善勝寺だより 第50号 平成17年3月10日発行 発行責任者 明 見 弘 道 |
|
(2ページ) |
東光山ミニ法話
『白隠禅師座禅和讃』その18いわんや自ら回向して、直に自性を證すれば、
自性即ち無性にて、すでに戯論を離れたり。
ましていわんや、座禅によって自分を深く洞察し、直接的に自分の生まれながらの本性を、はっきりと見届けるならば、自分のものとすべき本性さえも、もともと何もないものだと知って、いっぺんにつまらぬ自己主張など止んでしまうであろう。 (西村恵信師訳)
回向と言う言葉はよく聞かれることと思いますが、「パリマーナ」というサンスクリット語からの訳で、向きを変える、振り向ける、向こうに回してやると言うことです。

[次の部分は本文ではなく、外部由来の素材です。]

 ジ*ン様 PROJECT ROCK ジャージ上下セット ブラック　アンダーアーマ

ある人が積んだ功徳を別の人に振り向けると言うのが一般的な回向の意味で、お経を読んだ功徳を、故人の冥福のために振り向けるというのが、法事の趣旨となるわけです。
しかし、ここでいう「自ら回向して」というのは読経するとか座禅をすると言った善の功徳を自らの悟りの方向へ全て振り向けていくという意味です。
仮に、マイホームを手に入れるという目標があれば、毎日毎日一生懸命働いて月給をもらう、そしてその金は、遊ぶことや呑むことをを我慢して、マイホームのために回す事になります。

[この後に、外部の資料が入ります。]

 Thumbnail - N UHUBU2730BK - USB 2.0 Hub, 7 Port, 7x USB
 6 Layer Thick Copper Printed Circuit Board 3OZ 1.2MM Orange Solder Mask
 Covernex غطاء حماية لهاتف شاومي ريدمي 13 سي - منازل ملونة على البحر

この目標を自分自身の安心を得ることに集中すると言う意味です。
すると元もと自分自身が無であることを知ることになります。
「わたくしには、まだどうしても安心ができません。なんとかお示しを願えませんでしょうか」。二祖慧可は、真心をこめて訴えました。

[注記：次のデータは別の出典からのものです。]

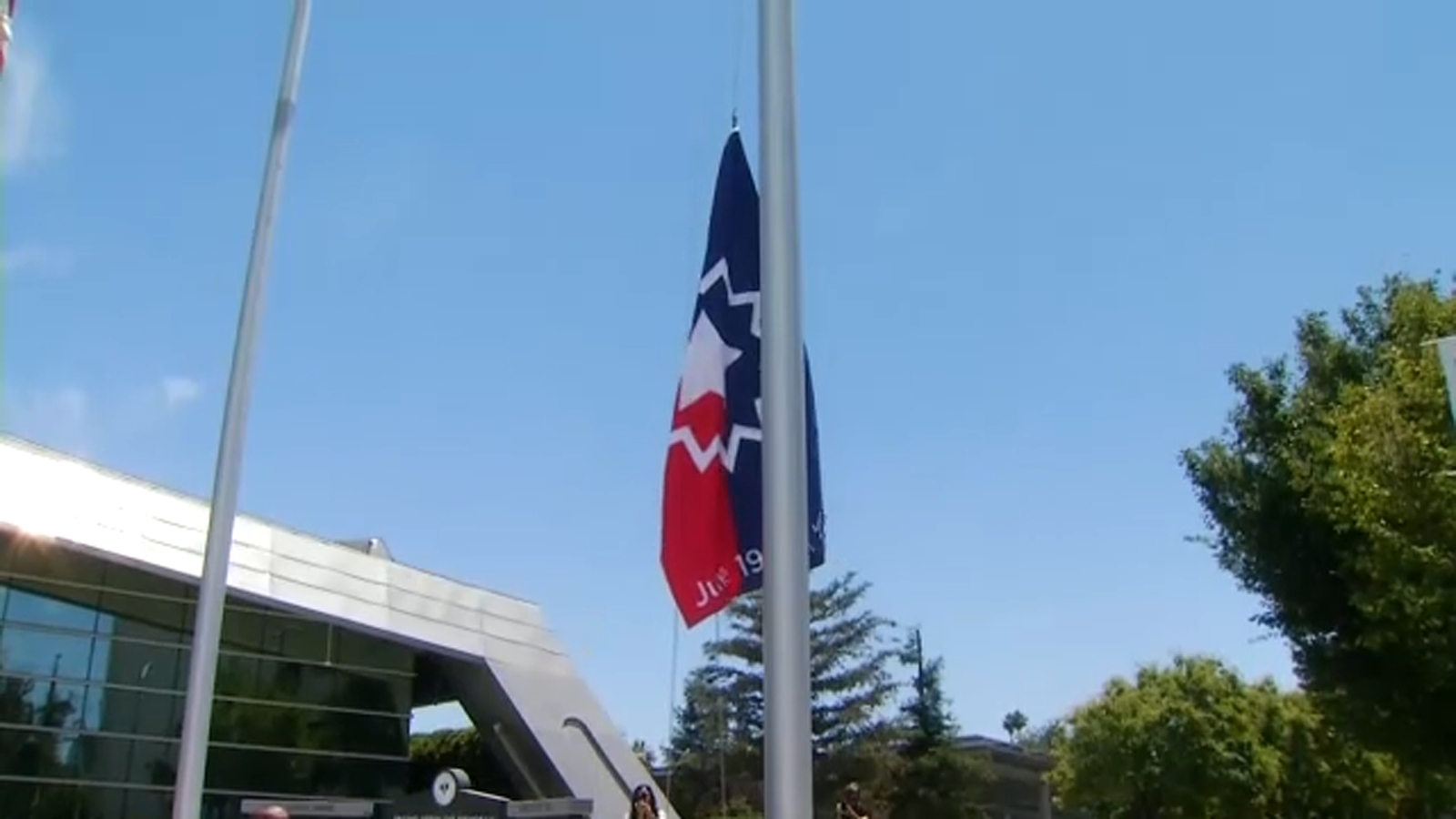 Fresno's first ever flagraising ceremony held at City Hall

「その安心できぬという心を、ちょっとここへ出してみなさい。安心させてあげよう」。達磨大師は静かに答えられました。
「出せと言われても出せません。心というものは全く不可解なもので、つかまえようと思うと、どこにもないのです」。しばらく考えていた二祖がこう申しました。
「無い!それで安心ができたじゃないか」。達磨大師のこの力強いお示しで、慧可は忽然として悟りを開いて大安心を得、二祖となられました。
六祖慧能は「本来無一物」と申され、達磨大師からの禅を受け継がれたのです。
自分がある、財産がある、地位がある、何がある、と「有」が大きな荷物であり、全ての苦悩はこの「有」から出てくるのに、「有」がないと生きられないように皆思っています。
全ては「無」だと聞かされると、安心どころかかえって不安を感ずるでありましょう。しかし一切が無に帰する事実はどうにも動かせません。そこでこの「無」の中に、新しい天地、自由な天地のあることを発見する必要があります。そこに「安心」の場所があります。
自分と他人と、自分と社会と、常に対立の世界にあって、しのぎを削って権利を争うのでなく、夫が妻の立場になり、妻が夫の身になり、親が子の気持ちになり、子が親の心になり、社長が工員の気分になり、工員が社長の地位にもなってみて、お互いに理解し、相いたわり、相和してゆける生活こそ、望ましいわけです。それは自性が無であること、無は普遍平等であることを理解することによってのみ得られるでありましょう。